I touch her forehead and retract my hand. She feels too hot. I remind myself that a fever is inevitable. Still, I find the nurse and ask for a temperature check. “No,” she says, “It’s went down. It is 101 degrees now.” I suppose that is good news. Doesn’t feel like it.
I raise the blanket to look at her fractured arm. It is wrapped with mounds of bandaging, a temporary cast of sorts, waiting until the doctors can stabilize her bruised, dislodged, agitated, cut insides, before they can even start on her shattered bones.
I cannot bring myself to lift her nightgown. I know under there lays her stomach, left open after the initial surgeries so the doctors can return and check the progress of their work and finish up any loose ends—literally. My parents say there is a vertical incision from the naval to just under the breasts, and the skin is stretched open, stuffed with gauze, and covered by a strange film. The removed spleen lies somewhere in disposal. Under the gauze, the slightly lacerated liver is seeping its fluids that the tubes work tirelessly to drain from the stomach.

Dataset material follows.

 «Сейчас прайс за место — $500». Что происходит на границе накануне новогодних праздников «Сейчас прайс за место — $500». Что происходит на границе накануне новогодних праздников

I go to the other side of the bed. I lift the cover and look at her left hand. Several of the fingers are broken, the hand bruised and swollen, skin so tight it looks as though it may burst. I lift her arm as though my touch alone may shatter it, though I know she is on enough medication to satisfy a South American drug lord. I lift the padding underneath her arm. I try to ignore the smell as I stare at the blood soaking through the gauze and onto the sheet, leaving a jagged-edged circle, brownish maroon and blatant.
They found her in the field on the other side of the guardrail of the south-bound lane, 104 feet from the motorcycle; they found the motorcycle on the inside shoulder of the north-bound lane, just short of going into the oncoming traffic. The sympathetic Sheriff, who was the first authority on the scene, forced her to stay down as she made repeated attempts to sit up. He kept her still long enough for the ambulance to arrive. She mumbled incoherent answers to the paramedics, who immediately called for a life-flight. Five hours before, she proudly told me that she had gotten to drive a motorcycle for the first time by herself the day before, and she might even get to drive again that night (She didn’t mention she would be driving alone on a two-hour drive down the interstate going 80 mph). Five hours after, she lay swollen, bruised, prostrate, and closer to death than life on a hospital bed.